2. Dornase alfa: Dornase alfa is a medication used to manage cystic fibrosis. It is a recombinant human DNase enzyme that helps to break down the thick, sticky mucus in the lungs. By reducing the viscosity of mucus, it helps improve lung function and reduces the risk of infections.
3. Pancreatic lipase: Pancreatic enzyme replacement therapy, including pancreatic lipase, is crucial for cystic fibrosis patients. This medication helps in the digestion of fats, proteins, and carbohydrates. Since the pancreas is often unable to secrete enough digestive enzymes, supplementation is necessary to aid digestion and improve nutrient absorption.
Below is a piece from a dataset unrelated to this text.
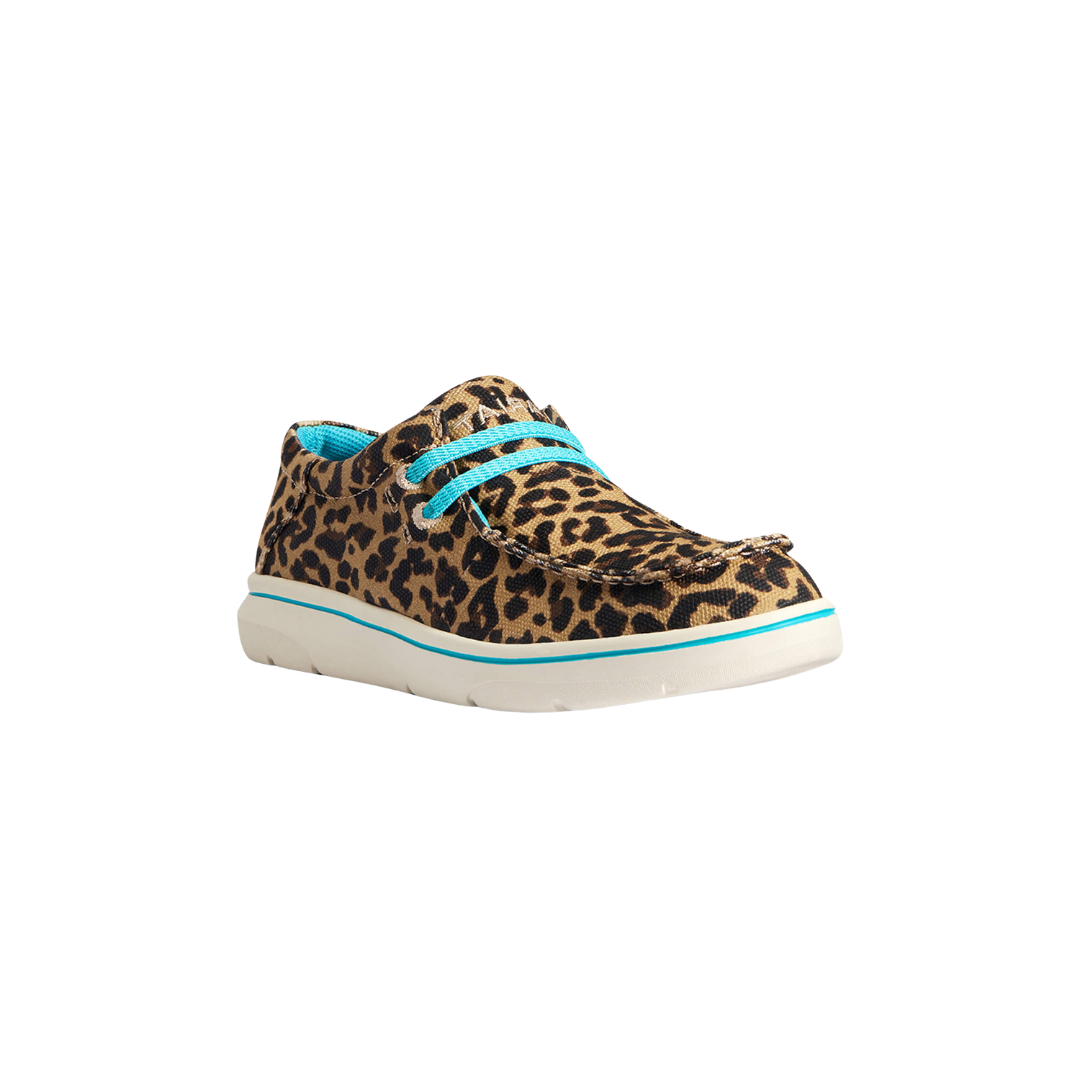 Ariat Youth Girl's Hilo Sparkle Leopard Shoes
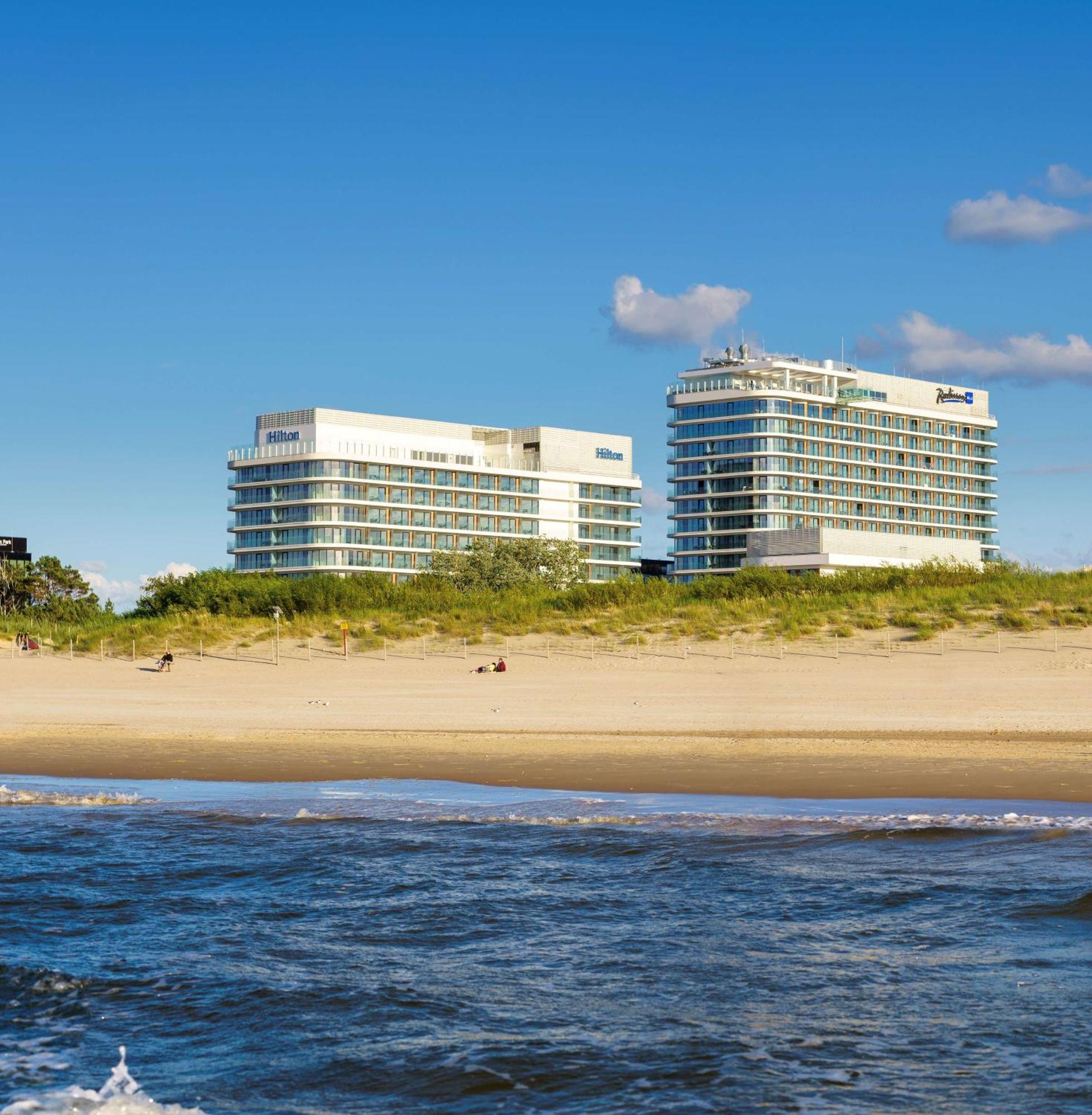 Hilton Swinoujscie Resort And Spa Екстериор снимка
The other options are less relevant for the primary management of cystic fibrosis:

• B. Acetaminophen: While acetaminophen (Tylenol) might be used for general pain or fever management, it is not specific to cystic fibrosis treatment.
• D. Meperidine: Meperidine is an opioid pain medication, which is generally not used for managing cystic fibrosis. Cystic fibrosis treatment focuses more on managing mucus production, lung function, and digestive issues rather than pain management.

In summary, the primary medications for a child with cystic fibrosis focus on improving lung function and aiding digestion, which includes water-soluble vitamins, Dornase alfa, and pancreatic lipase.